Why conversations about end-of-life choices matter


Recently, WGCU Public Media featured Hope Eternal Gardens in a story exploring alternative burial options across Florida and the growing interest in more personal, ecological forms of remembrance.


Hope Eternal Gardens is grateful to correspondents Elizabeth Andarge and Andrea Melendez, along with the entire WGCU team, for thoughtfully helping bring awareness to these important conversations.


For founders Lauren Robie and Chris Alonso, being included in the feature was meaningful because education and public awareness have always been central to the mission of Hope Eternal Gardens. Many families still do not realize that natural burial exists, or that there are alternatives to conventional end-of-life practices that may better reflect how they lived their lives and wish to be remembered.


At Hope Eternal Gardens, families often say, “I didn’t know this was possible.”


Sometimes they are referring to natural burial without embalming or vaults. Sometimes they are surprised that families can actively participate in planting memorial forests together. And sometimes they simply did not realize that a cemetery could feel restorative, ecological, and deeply connected to personal values.

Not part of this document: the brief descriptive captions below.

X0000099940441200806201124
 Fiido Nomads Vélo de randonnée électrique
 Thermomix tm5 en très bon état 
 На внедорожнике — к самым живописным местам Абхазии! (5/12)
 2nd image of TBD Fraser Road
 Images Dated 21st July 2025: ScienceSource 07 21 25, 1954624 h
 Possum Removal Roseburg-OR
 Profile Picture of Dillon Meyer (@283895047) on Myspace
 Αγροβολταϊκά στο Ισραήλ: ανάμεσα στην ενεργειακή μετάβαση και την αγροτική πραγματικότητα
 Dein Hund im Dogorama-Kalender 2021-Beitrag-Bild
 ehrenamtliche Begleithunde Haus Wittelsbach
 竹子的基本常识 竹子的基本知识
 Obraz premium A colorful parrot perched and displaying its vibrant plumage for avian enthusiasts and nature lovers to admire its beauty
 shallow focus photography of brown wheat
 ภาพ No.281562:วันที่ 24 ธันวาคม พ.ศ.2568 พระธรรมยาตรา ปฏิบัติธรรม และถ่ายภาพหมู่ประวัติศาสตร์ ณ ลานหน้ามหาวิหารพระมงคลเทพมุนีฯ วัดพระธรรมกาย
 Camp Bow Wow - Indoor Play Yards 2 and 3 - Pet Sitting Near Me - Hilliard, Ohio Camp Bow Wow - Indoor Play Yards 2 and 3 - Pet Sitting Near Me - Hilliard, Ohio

Over the years, Hope Eternal Gardens has learned that many people are not just searching for a burial option — they are searching for alignment. They want memorialization to reflect the same values that shaped their lives: care for nature, simplicity, beauty, creativity, stewardship, and connection to family and community.


That philosophy continues to shape the evolving vision for Hope Eternal Gardens as both a memorial forest and future public landscape designed around remembrance, ecology, and long-term stewardship.


The WGCU feature helped highlight a broader cultural shift toward more intentional forms of remembrance and the importance of giving families knowledge and agency when making end-of-life decisions.


Hope Eternal Gardens believes there is no single “right” way to honor a life. What matters most is creating a legacy that feels meaningful to the people who carry the memory forward — whether that legacy takes the form of a forest, a garden, a reef, or another deeply personal expression of remembrance.